Horsehair Worm vs Huntsman Spider


Spider’s Scary Surprise!

Spiders are all very spooky and scary at Halloween, but this is just downright gruesome…

Horsehair worm huntsman spider

Horsehair worm emerging from a huntsman spider

You don’t see this kind of thing very often, and that’s probably a relief.  These may be the first photos of a Horsehair or Gordian worm erupting from inside a Huntsman spider.
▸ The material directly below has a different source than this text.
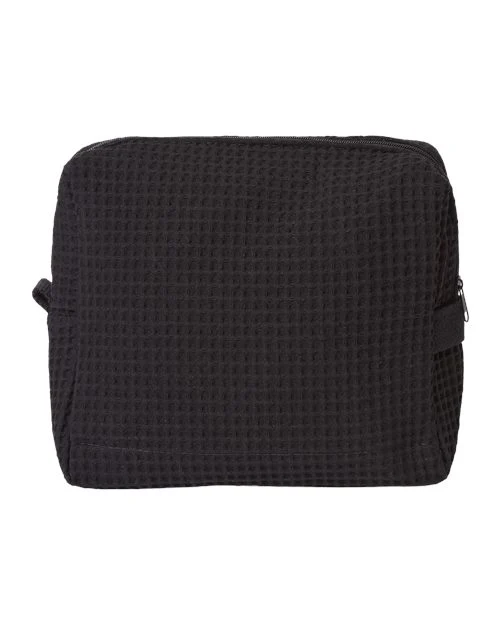 Liberty Bags-5770-Tammy Waffle Weave Spa Bag - Image 2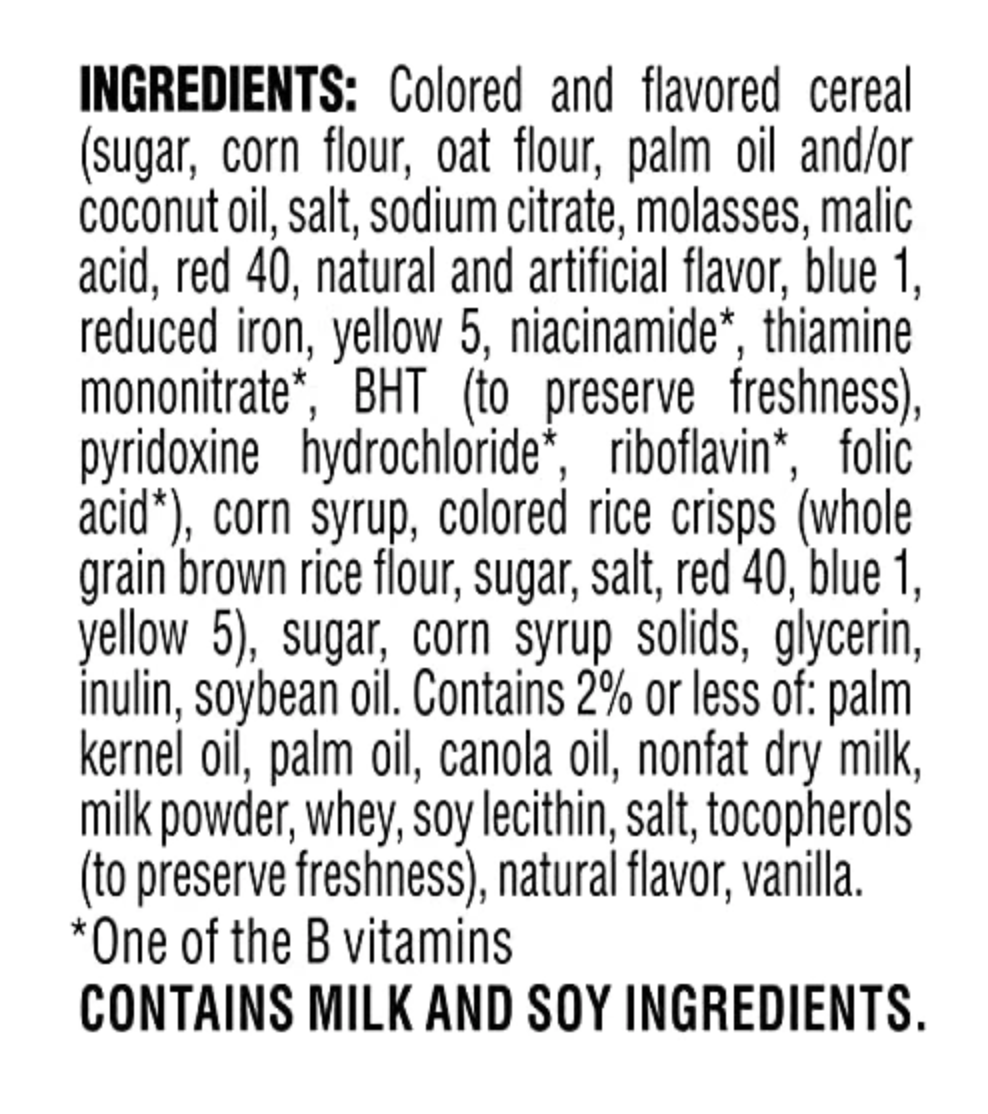 2-Pack Cap'n Crunch Crunch Berries King Size Cereal Bars (1.79 oz Each)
The photos were taken by our good friend Andrew this week in Cairns, Australia.   The Huntsman was spotted inside Andrew’s house with an unusually enlarged abdomen.  It got sprayed with pesticide (no – we don’t condone that kind of activity here at!) and within seconds of it dying, this Horsehair worm emerged.  In the circumstances, the pesticide was probably an act of mercy, but still – tut tut.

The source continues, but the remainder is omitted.